Le son a toujours été pour moi le fil conducteur dans mon travail artistique. Dans mon enfance, pendant les vacances d’été, venant de la ville, j’aimais écouter la réfraction des sons sur la mer, les oreilles collées près du sable à la plage. L’hiver, les tempêtes à la pointe du Finistère en Bretagne offraient un paysage aussi fantastique sur le plan visuel que sur le plan sonore.


Plus tard, en apprenant le violon, j’ai été beaucoup plus attiré par l’improvisation et la création de sons avec l’instrument plutôt que l’interprétation au sens classique du terme.

Le déclenchement de mes réflexions sur la musique a été la lecture conjointe de deux livres parus et traduits en français la même année en 1979 : Conversations avec Stockhausen  de Jonathan Cott pour comprendre les sons et bien sur Le Paysage sonore de Murray Schafer pour en savoir plus sur l’environnement sonore.
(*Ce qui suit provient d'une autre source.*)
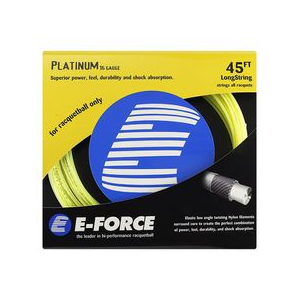 E-Force Platinum Racquetball String YELLOW 16 Gauge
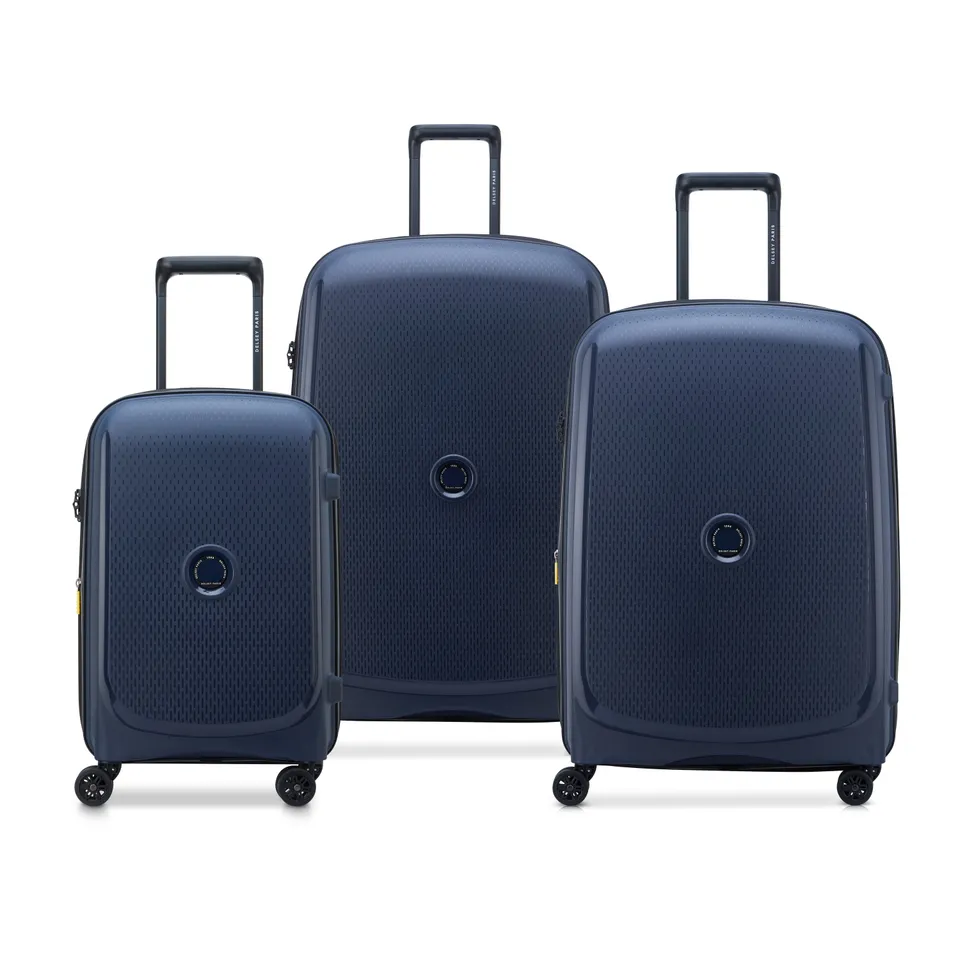 delsey-belmont-plus-kofferset-3-teilig-blau-hartschale image 1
Très vite, j’ai écouté et enregistré les sons qui m’entourent, je me suis intéressé à tous phénomènes sonores pour reprendre les mots de la compositrice Betsy Jolas.


En créant un jardin autour de ma maison, j’ai beaucoup réfléchi à l’idée de jardin sonore - Soniferous Garden - chère à Murray Schafer. En opposant la low-fi, basse fidélité et la hi-fi, haute fidélité, Schafer établissait une distinction qualitative entre les sons de la ville et les sons de la nature. J’ai appris à travailler avec le végétal, matériau vivant en perpétuel mouvement, tout comme les sons et les espaces sonores, toujours différents en dehors du studio d’enregistrement, selon les caprices de la météo. Au même moment, les installations de Max Neuhaus à Times Square New York ainsi qu’au domaine de Kerguehennec en pleine campagne près de chez moi m’ont invitées à écouter - Listen - et à prendre conscience de l’importance du son dans notre monde.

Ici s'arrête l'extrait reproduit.